Prompt caching in Alex: from 0% to 19% hit rate // DRAGOCZ

Alex (AI assistant for auto shops on CoreSynth) generates a system prompt of hundreds of thousands of tokens per request — static modules, tools, conversation history. With an average of ~259k input tokens per run and pricing at $5/1M uncached vs $0.5/1M cached, prompt caching is the difference between the project being financially viable or not.

OpenAI automatic prefix caching works simply: when the request prefix (tools → instructions → input) stays byte-identical, the API caches it and repeated sections are billed at a tenth of the cost. No special breakpoints, no configuration — just a stable prefix.

We had 0% cache hit rate. Across all 108 runs. Zero.

Diagnosis

I started by auditing the entire pipeline: how the system prompt is built, what changes between requests, what order OpenAI’s Responses API expects (tools → instructions → input).

The main culprit was on the first line:

buildSessionBanner() → "Now: 2026-06-16, 14:32"

The session banner with a timestamp was at the very beginning of instructions. And buildSystemPrompt() was called again at every agent step with new Date(). Result: the moment a minute ticks over, the prefix changes → cache bust → full price for the entire input.

Two secondary culprits:

Cart state — attached to instructions when non-empty. Changed between steps.
customInstructions — per-user instructions in the prefix. Stable per user, but blocked cross-user cache sharing.

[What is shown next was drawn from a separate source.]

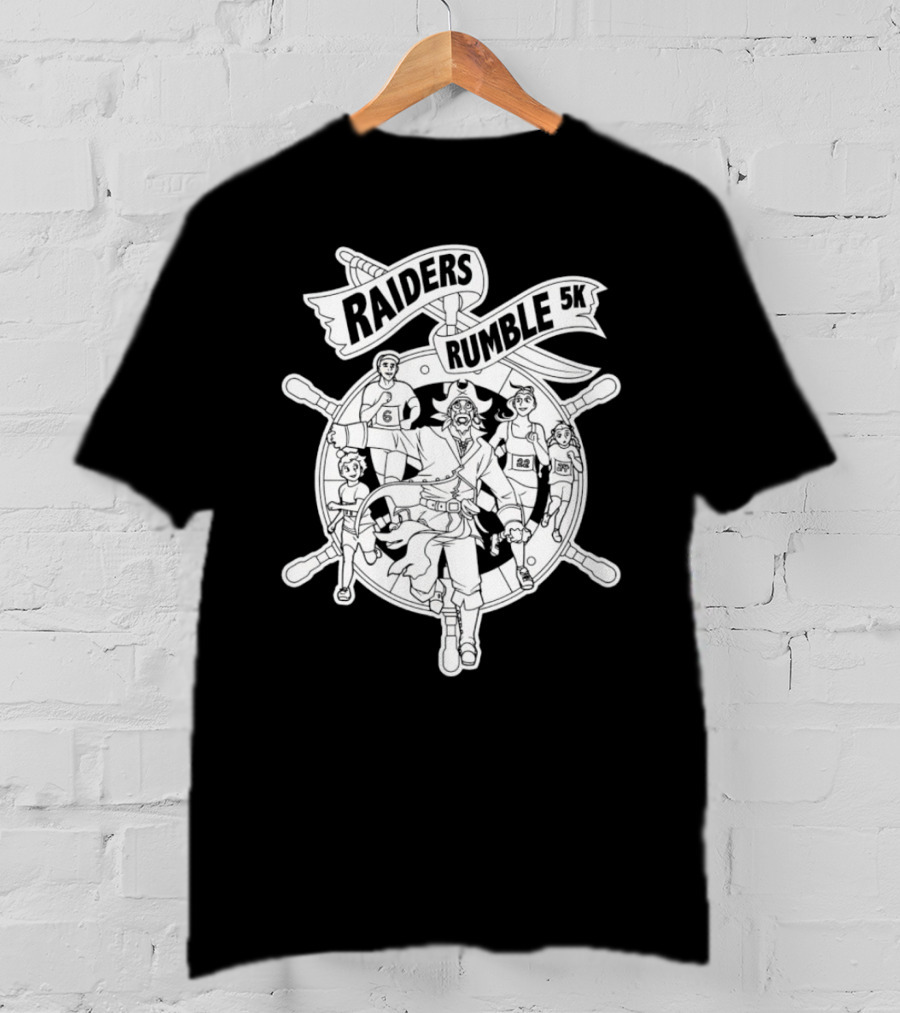 Raiders Rumble 5k Pirate Race Event Wheel Flag Running Contest T-Shirt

Fix: freeze the prefix, move dynamics out

The solution is simple to describe, harder to implement: everything that changes must go behind the static prefix into the current user turn.

BEFORE (prefix changes):
  instructions[0]  = "Now: 14:32, Cart: 3 items, custom: ..."  ← BUST
  instructions[1+] = static .md modules
  tools            = deterministic
  input            = history

AFTER (prefix frozen):
  instructions[0]  = static .md modules                        ← STABLE
  tools            = deterministic
  input            = history + <current_time> + <cart_state> + <custom_instructions>

Volatile context is now assembled via buildVolatileContextXml() — XML blocks at the end of the current user message. Session banner, cart state, custom instructions — all behind the prefix. The prefix is byte-identical across requests, steps, and users.

Results

BEFORE:  108 runs, 28M input tokens, 0 cached   → hit rate 0 %
AFTER:   All 5 tested scenarios showed cache hit → 5–19 %

The proxy propagates cache — the 0% baseline was caused by the volatile prefix, not a proxy issue. After the fix, cached_tokens started appearing in all tested conversations.

What I learned

Prefix caching isn’t magic. OpenAI does it automatically, but only if you give it a stable prefix. One timestamp second at position 0 kills the cache for the entire request.

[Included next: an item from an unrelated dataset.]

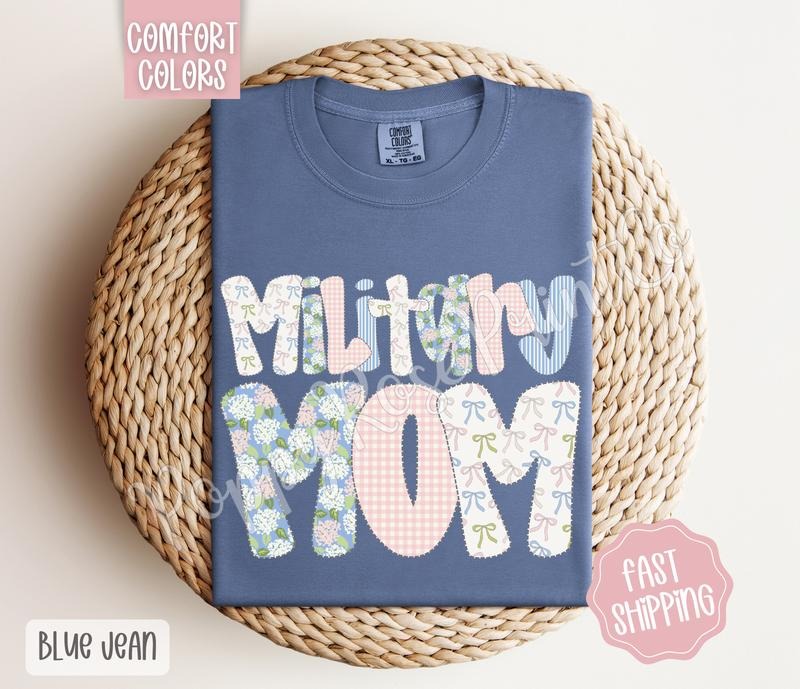 Floral Military Mom Comfort Colors Shirt, Cute Spring Mama Tshirt, Coquette Flower Tee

Measure before and after. Without instrumenting cache_read_input_tokens, I’d never know if the fix worked. I added tracking to the database (schema migration + logging) enabling baseline vs. post-fix comparison.

Dynamics belong at the end. The golden rule for LLM caching: everything static at the front, everything dynamic at the back. Not just timestamps — also cart state, per-user instructions, conversation context.

Tests must pass. 322 tests, lint, TypeScript check — all clean. Prompt caching is a core feature, not a “quick optimization.”

Tech details

PATTERN   → OpenAI automatic prefix caching (Responses API)
FIX       → Volatile context from instructions to user message tail
METRICS   → cache_read_input_tokens (schema migration + DB)
TOOLS     → TypeScript, Prisma, OpenAI Responses API
RESULT    → 0% → 5–19% hit rate, ~90% cost reduction on cached tokens

The project runs on OpenAI GPT-5.5 through the CoreSynth proxy. The goal isn’t just to save money — it’s about making the AI agent financially sustainable even with a massive system prompt and high throughput.